The election to the Papal chair of Adrian of Utrecht, who declared himself
favorable to some reform in the Church, was calculated to support Luther’s
cause, although Adrian was hostile to that reformer and his doctrines; and
under all these circumstances no great result could be anticipated from the
ban. Luther’s success was, indeed, more endangered by the indiscreet zeal of
his followers than by the hostility of his adversaries. In his retreat at the
Wartburg, which he called his “Patmos”, he spent ten months under the name of
Junker, or Squire, George.
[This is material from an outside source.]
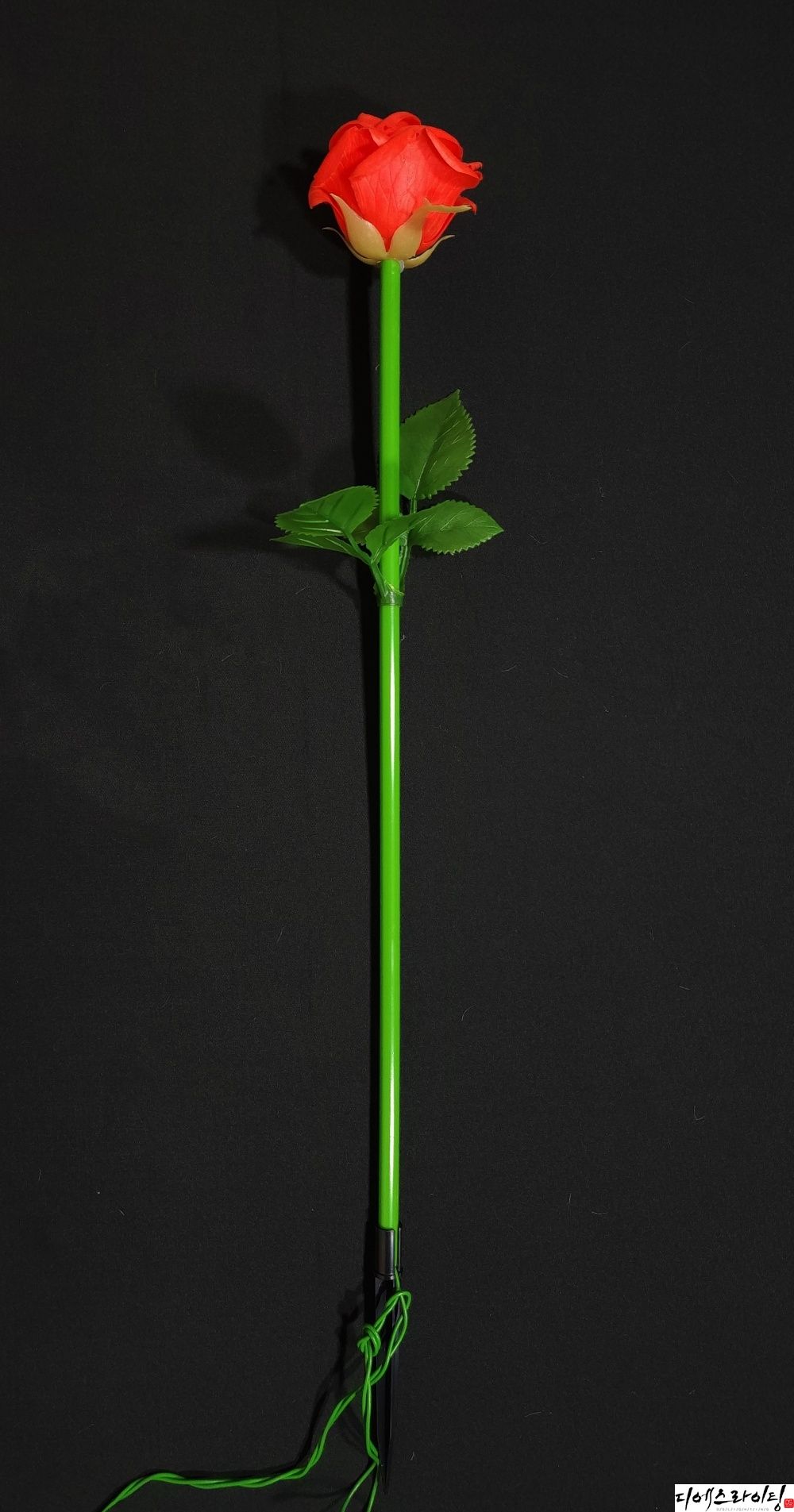 LED장미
His solitude, however, was not passed in idleness.
Besides writing several tracts, he applied himself assiduously to the study of
Greek and Hebrew, and translated the New Testament into German : till at length
some disturbances at Wittenberg determined him, at whatever risk, to return to
that town.
In spite of the
length to which he had carried his speculative opinions, Luther had as yet made
no alterations in the forms and observances of religion, when, towards the end
of 1521, the Augustinian friars of Meissen and Thuringia formally abolished the
saying of Mass, and dissolved their convents; a proceeding which alarmed a
great part of the clergy, and created much anxiety at the Court of Elector
Frederick. Carlstadt, who officiated at Wittenberg, during Luther’s absence, pushed
these innovations still further, and Melanchthon had not courage to oppose him.
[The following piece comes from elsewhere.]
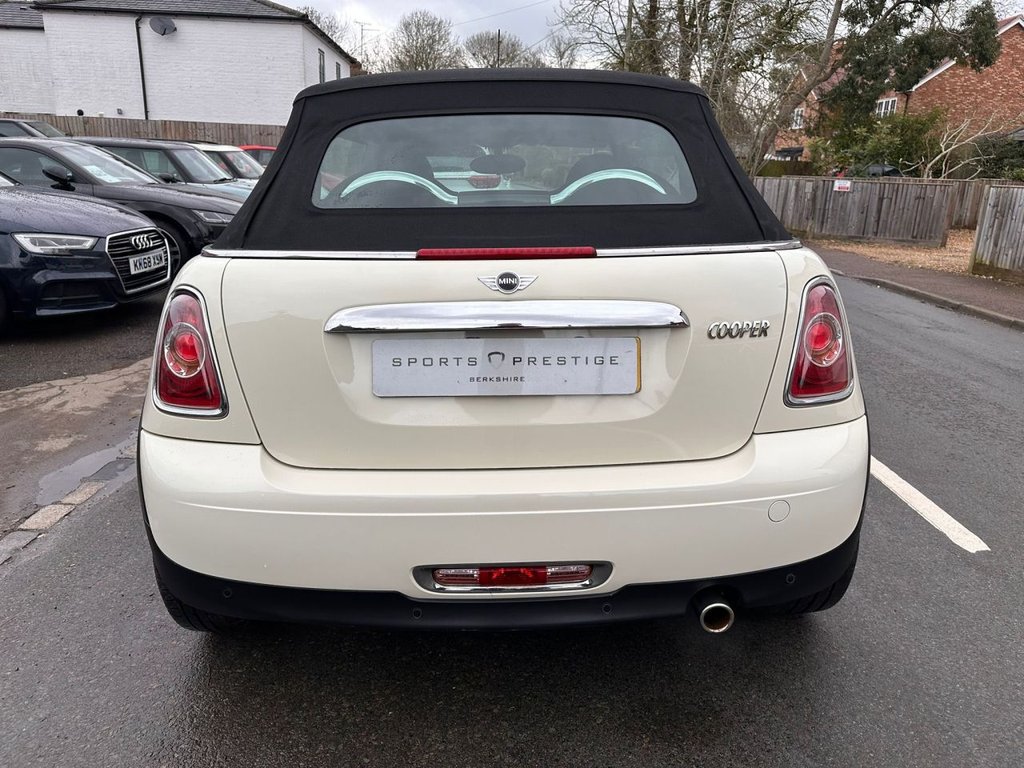 Used MINI Convertible 2011 for sale - 77498771: Photo 7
Dislike of celibacy was one of the chief causes which favored the advance of
the Reformation among German ecclesiastics. Two priests of the Wittenberg
school, Jacob Seidler, of Glashütten, and Bartholomew Bernhardi, of Kempen, had
this year set the German clergy the first example of marriage. Seidler, who
lived in the dominions of Duke George of Saxony, was thrown into prison, where
he died; while of Bernhardi, who was under the rule
of Elector Frederick, no notice was taken. Although the lawfulness of a
priest’s marriage was a question that had only just begun to be mooted, and
though Luther himself had not made up his mind on the subject, Carlstadt, after
publishing a treatise against celibacy, took a wife, and invited all the Saxon
princes and gentry to be present at his wedding. Wishing to distinguish himself
as a reformer, he incited the students to break down the altars and images in
the churches, began to administer the sacrament in both kinds, to abolish the
elevation of the Host, to admit communicants without confession, and to make
other innovations. He repaired to the stalls of cobblers for instruction in
Scripture, denounced all profane learning, and recommended the students to
betake themselves to manual labor, so that the University began to break up. In
short, he had joined a band of fanatics, founded by one Klaus Storch, a
clothier of Zwickau, who made their appearance at this time in Wittenberg.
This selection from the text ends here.